(Data records)

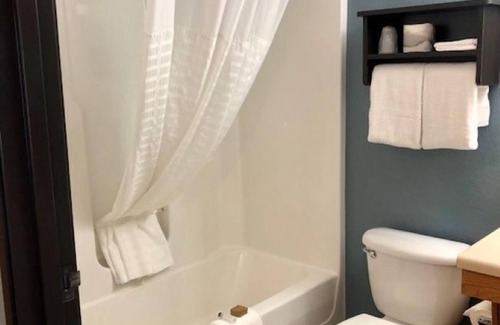 Callaway Hotel | Extended Stay America Select Suites - Panama City - Callaway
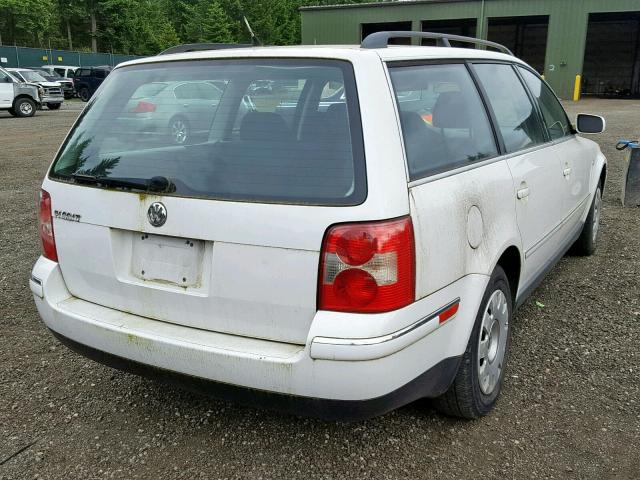 WVWVD63B12E157083 - 2002 VOLKSWAGEN PASSAT GLS WHITE photo 4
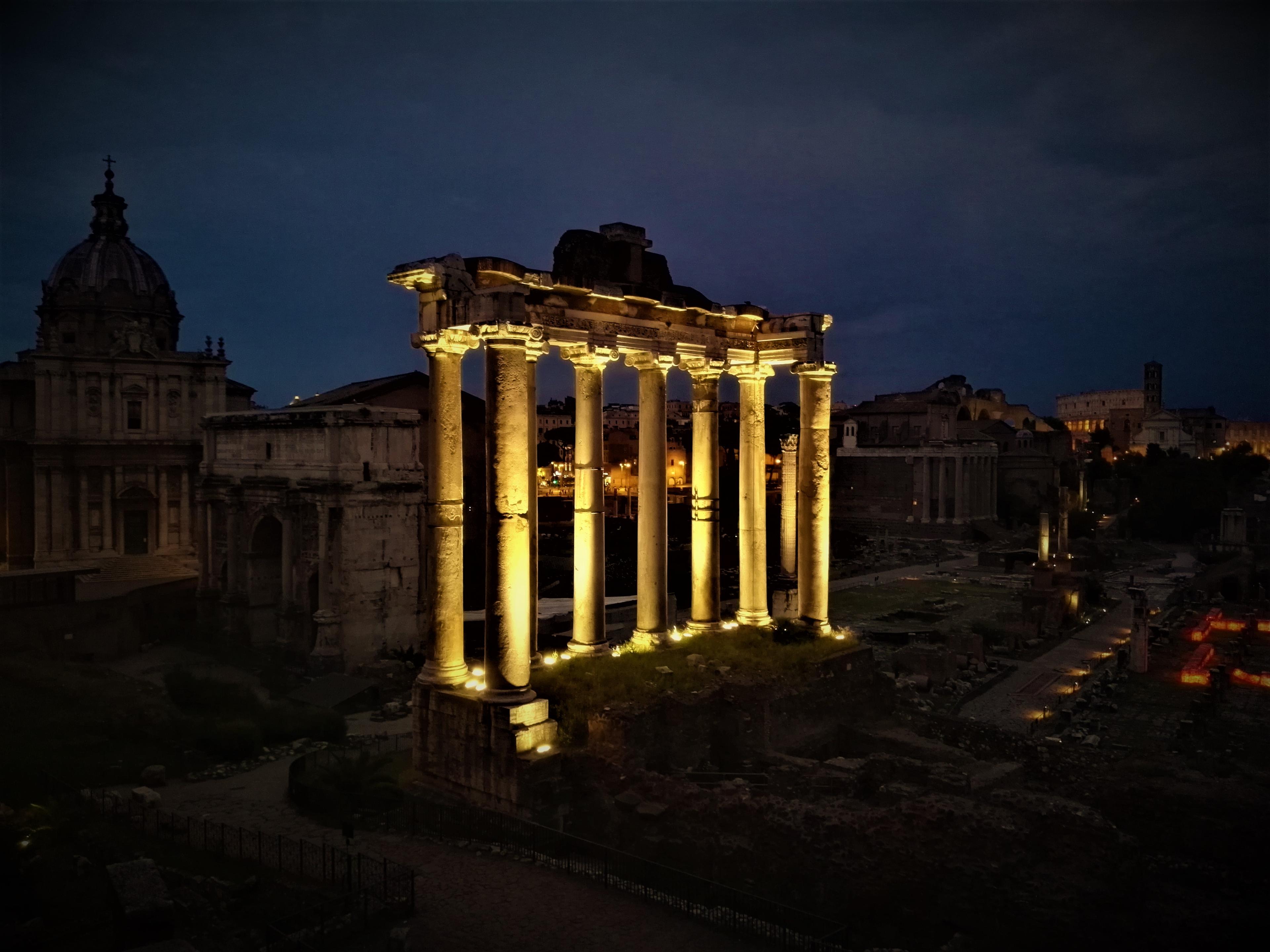Rome by Night City Bike Tour with Sunset, Views and Evening Lights | Upgrade available: Pizza Night - photo 5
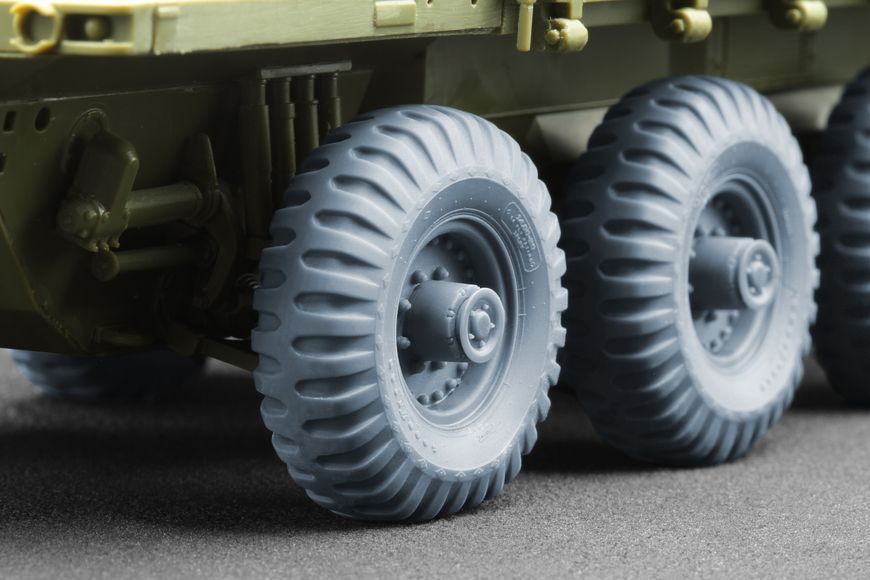 FV623 Alvis Stalwart MkII набір деформованих коліс Bar Grip для Airfix, 1/35 WM-35026W фото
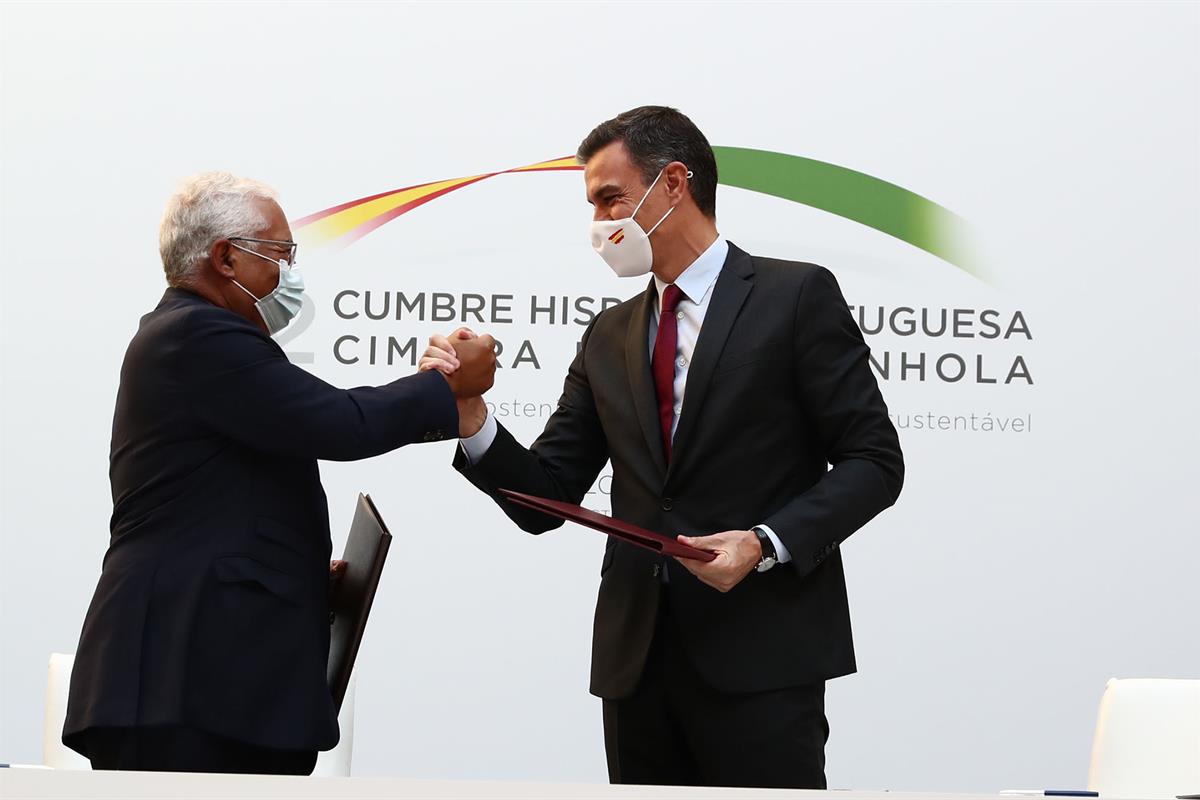 28/10/2021. XXXII Cumbre Hispano-Portuguesa. El presidente del Gobierno, Pedro Sánchez, y el primer ministro de la República Portuguesa, Ant...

(End Data records)

-- Work instruction --
The whole listing should be transcribed exactly, though its pictures must be left out.

-- Exercise result --
 Callaway Hotel | Extended Stay America Select Suites - Panama City - Callaway
 WVWVD63B12E157083 - 2002 VOLKSWAGEN PASSAT GLS WHITE photo 4
Rome by Night City Bike Tour with Sunset, Views and Evening Lights | Upgrade available: Pizza Night - photo 5
 FV623 Alvis Stalwart MkII набір деформованих коліс Bar Grip для Airfix, 1/35 WM-35026W фото
 28/10/2021. XXXII Cumbre Hispano-Portuguesa. El presidente del Gobierno, Pedro Sánchez, y el primer ministro de la República Portuguesa, Ant...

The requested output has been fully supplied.